Challenge может означать отсталость, неразвитость, отсутствие способностей.

Здесь женщине не нравится, что мужчина явно хочет завязать с ней более близкий контакт. Причем делает это по-принципу "за косички".


----------



## viesis

I tried to analyse the sentence "I am not taken aback by your keen insight and suddenly challenged by you". What if, for better understanding, we split it in two sentences that are equivalent to the initial one. I thought those two sentences would be: "I am not taken aback by your keen insight. I am not suddenly challenged by you." Then the second part can be translated as "Вы меня врасплох не застали".
Please, correct me if I'm wrong.


----------



## rusita preciosa

Rosett said:


> Challenge может означать отсталость, неразвитость, отсутствие способностей.
> No, by itself it does not. Only when used in the expression "mentally challeng*ed*".
> Здесь женщине не нравится, что мужчина явно хочет завязать с ней более близкий контакт.

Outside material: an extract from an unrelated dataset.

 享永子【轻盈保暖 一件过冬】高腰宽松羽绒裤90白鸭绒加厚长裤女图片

Причем делает это по-принципу "за косички".
> OK. If you insist.


----------



## rusita preciosa

viesis said:


> I am not suddenly challenged by you." Then the second part can be translated as "Вы меня врасплох не застали".
> Please, correct me if I'm wrong.


It's not a bad option given the context, but rather far from the initial meaning of the phrase.


----------